[Available records — start]
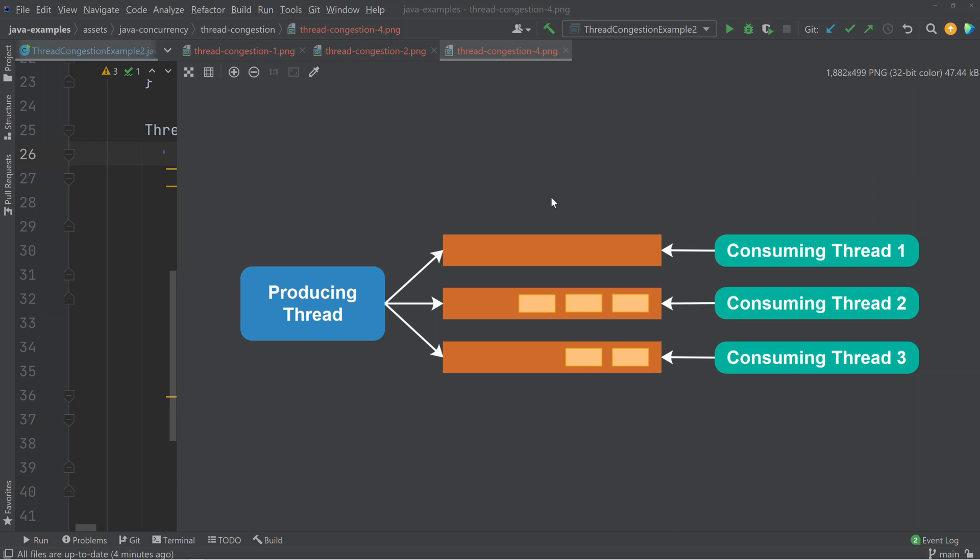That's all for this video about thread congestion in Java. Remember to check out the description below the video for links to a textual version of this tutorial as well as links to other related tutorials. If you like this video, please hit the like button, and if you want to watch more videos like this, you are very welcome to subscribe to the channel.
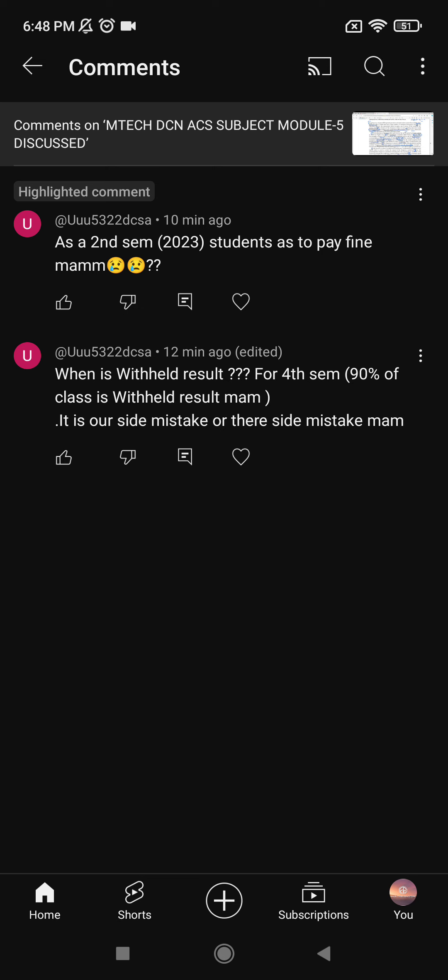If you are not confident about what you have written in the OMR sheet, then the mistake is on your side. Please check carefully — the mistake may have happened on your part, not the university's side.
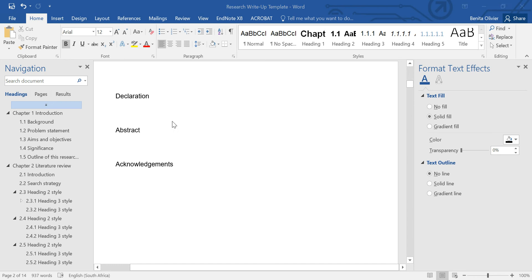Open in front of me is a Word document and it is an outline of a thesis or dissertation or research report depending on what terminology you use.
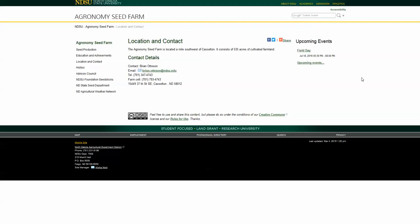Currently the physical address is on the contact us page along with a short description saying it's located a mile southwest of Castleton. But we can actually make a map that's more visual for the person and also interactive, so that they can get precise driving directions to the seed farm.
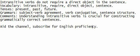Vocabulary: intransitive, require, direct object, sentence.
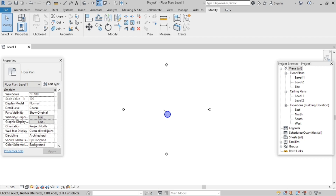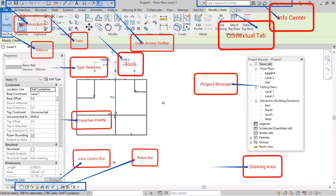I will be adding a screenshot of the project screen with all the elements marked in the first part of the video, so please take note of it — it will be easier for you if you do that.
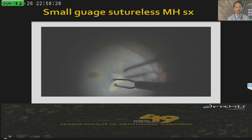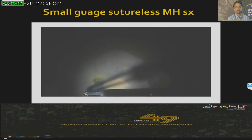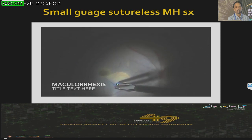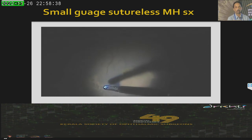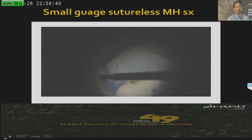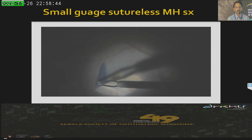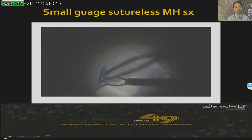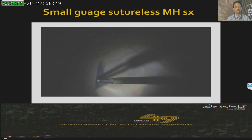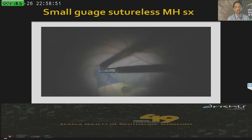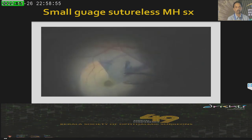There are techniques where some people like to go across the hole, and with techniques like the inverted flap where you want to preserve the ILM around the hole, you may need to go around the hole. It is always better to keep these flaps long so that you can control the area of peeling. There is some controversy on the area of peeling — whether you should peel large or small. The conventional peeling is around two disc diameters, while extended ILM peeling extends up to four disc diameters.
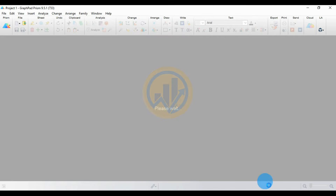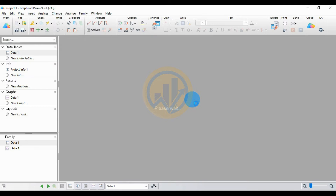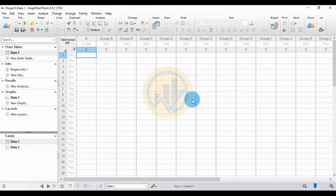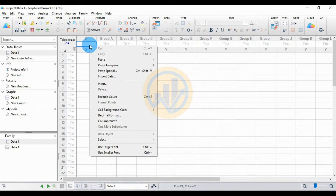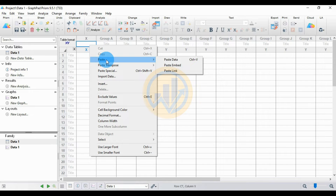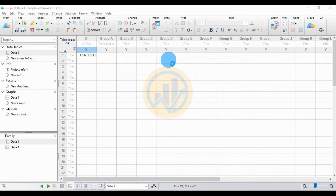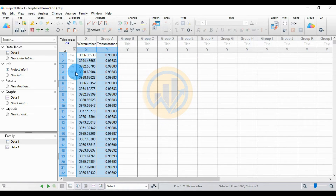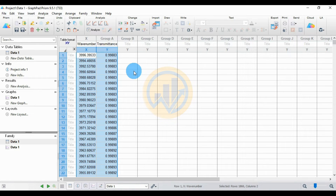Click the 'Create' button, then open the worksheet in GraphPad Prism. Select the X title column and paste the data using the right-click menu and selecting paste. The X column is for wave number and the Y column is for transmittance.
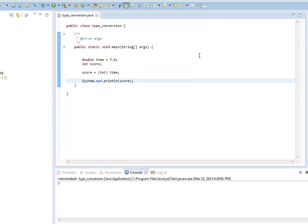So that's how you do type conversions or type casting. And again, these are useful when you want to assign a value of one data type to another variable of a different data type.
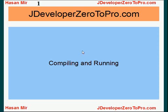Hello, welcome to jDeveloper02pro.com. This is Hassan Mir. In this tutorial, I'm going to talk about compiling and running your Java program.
[Available records — finish]
Problem statement >> Your reply should hold only the records, duplicated exactly, without any image.

Exercise response >>
That's all for this video about thread congestion in Java. Remember to check out the description below the video for links to a textual version of this tutorial as well as links to other related tutorials. If you like this video, please hit the like button, and if you want to watch more videos like this, you are very welcome to subscribe to the channel.
If you are not confident about what you have written in the OMR sheet, then the mistake is on your side. Please check carefully — the mistake may have happened on your part, not the university's side.
Open in front of me is a Word document and it is an outline of a thesis or dissertation or research report depending on what terminology you use.
Currently the physical address is on the contact us page along with a short description saying it's located a mile southwest of Castleton. But we can actually make a map that's more visual for the person and also interactive, so that they can get precise driving directions to the seed farm.
Vocabulary: intransitive, require, direct object, sentence.
I will be adding a screenshot of the project screen with all the elements marked in the first part of the video, so please take note of it — it will be easier for you if you do that.
There are techniques where some people like to go across the hole, and with techniques like the inverted flap where you want to preserve the ILM around the hole, you may need to go around the hole. It is always better to keep these flaps long so that you can control the area of peeling. There is some controversy on the area of peeling — whether you should peel large or small. The conventional peeling is around two disc diameters, while extended ILM peeling extends up to four disc diameters.
Click the 'Create' button, then open the worksheet in GraphPad Prism. Select the X title column and paste the data using the right-click menu and selecting paste. The X column is for wave number and the Y column is for transmittance.
So that's how you do type conversions or type casting. And again, these are useful when you want to assign a value of one data type to another variable of a different data type.
Hello, welcome to jDeveloper02pro.com. This is Hassan Mir. In this tutorial, I'm going to talk about compiling and running your Java program.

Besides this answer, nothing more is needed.